Exemplaire du tirage portant seulement le titre au premier feuillet (Adams indique un deuxième tirage sans colophon).
Premier livre imprimé en Allemagne avec des caractères mobiles hébraïques, le Principium Libri est l’un des ouvrages les plus importants d’instruction rédigé par Johannes Reuchlin. Il contient non seulement une grammaire très importante mais également un dictionnaire hébreux-latin très complet. Cet exemplaire comporte bien le carton pour la page 589/590 imprimé sur une feuille séparée et qui manque souvent.
“The first work printed in German-speaking territory using movable Hebrew type. Johannes Reuchlin (1455-1522) was a German classicist and Hebraist best known for his role in spreading knowledge of Greek and Hebrew throughout Western Europe, for his trailblazing expositions in the field of Christian Kabbalah, and for his defense of Jewish literature against the attacks of those who sought to ban and destroy it as part of the early-sixteenth-century “Battle of the Books.” Reuchlin developed an interest in Hebrew in the early 1490s and published his first study of Kabbalah, which he believed contained secrets proving the truth of Christian doctrine, already in 1494. In 1496, he began turning his attention toward Hebrew linguistics and expanding his familiarity both with its philology and literature. The initial result of his studies was the epoch-making De rudimentis hebraicis, a Latin-language lexicon and students’ guide to Hebrew grammar and pronunciation, imposed from right to left, that mainly followed the teachings of Rabbi David Kimhi (ca. 1160-ca. 1235) on the subject. (Each letter of the lexicon which, like Kimhi’s Sefer ha-shorashim, is arranged according to Hebrew root, begins with a different Hebrew epigraph in Rashi script usually invoking God’s name, although tsade starts yehi shem ha-mashiah mevorakh, testifying to the text’s Christian provenance.) Although a brief Hebrew grammar, compiled by Reuchlin’s younger colleague Konrad Pellikan (1478-1556), had appeared two years prior, the present text was the real pioneering work of its kind by a Christian intellectual and would have a profound influence on subsequent Christian Hebraist scholarship” (Moshe H. Goshen-Gottstein, “Reuchlin and His Generation,” in Arno Herzig and Julius H. Schoeps (eds.), Reuchlin und die Juden (Sigmaringen: Jan Thorbecke Verlag, 1993), 151-160. Hermann Greive, “Die hebräische Grammatik Johannes Reuchlins, De rudimentis hebraicis,” Zeitschrift für die alttestamentliche Wissenschaft 90,3 (1978): 395-409.

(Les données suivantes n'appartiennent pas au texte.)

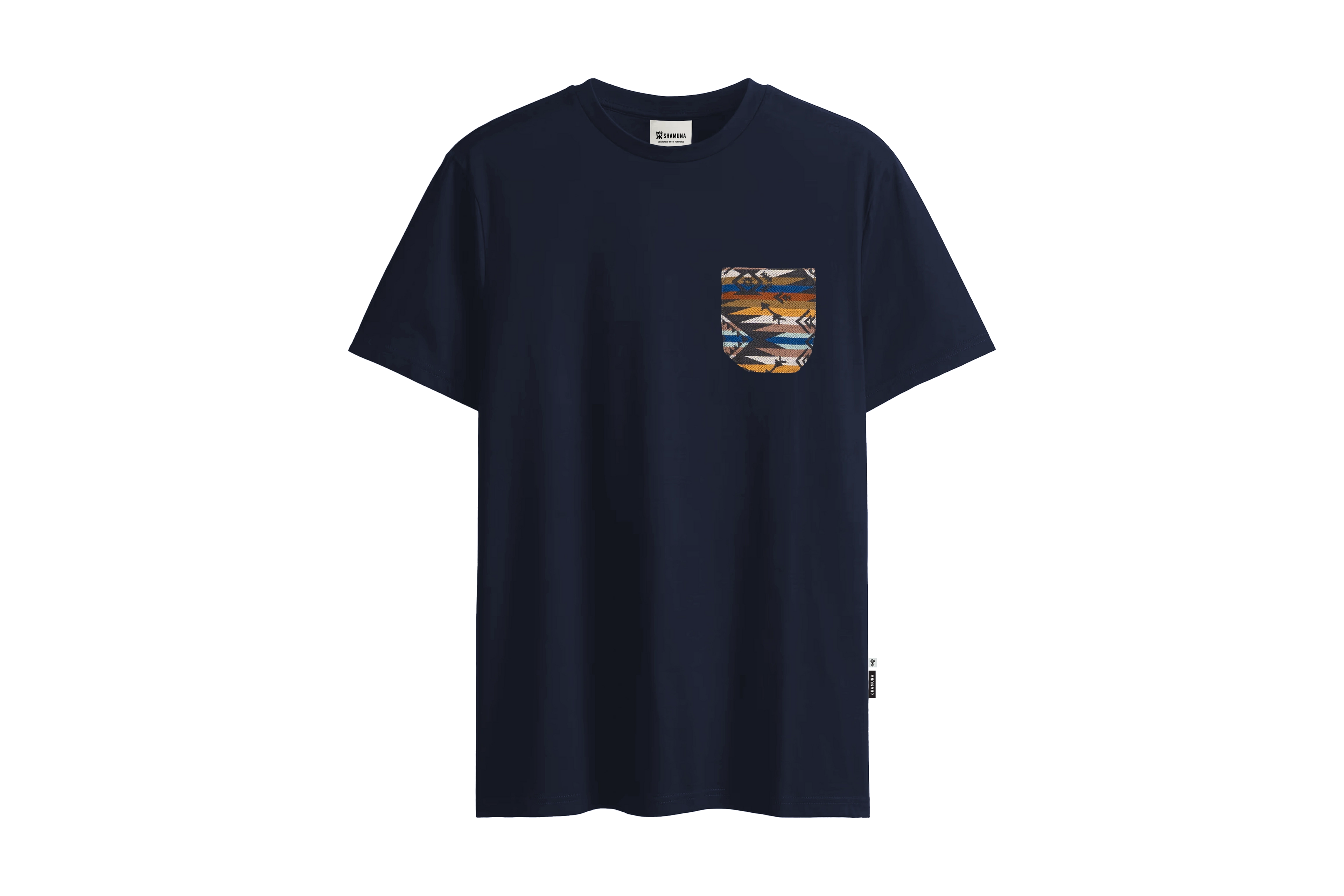 ETHNIC POCKET BLUE T-SHIRT 01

“In-1498-99, as ambassador of the Palatinate, Reuchlin also studied Hebrew under the renowned Jewish scholar Obadiah Sforno in Rome. With intensive instruction from Loans and Sforno, as well as is own efforts, Reuchlin was able to publish the first Hebrew grammar and lexicon for Christians. The book, written in Latin, is based heavily on the medieval Jewish grammar of Moses Kimhi and the famous Hebrew dictionary, the Book of Roots, by David Kimhi. A notable feature of the lexicon is the frequent correction of Jerome’s Vulgate translation of the Bible” (Valerie Hotchkiss, Miracle within a Miracle, Johannes Reuchlin and the Jewish Book Controversy, II.2).
USTC répertorie un seul exemplaire institutionnel aux États-Unis (Chicago University Library).
Provenance: Jacobus Papie (inscription de l’époque au dernier feuillet) – Elizerin (?, signature [p.621]).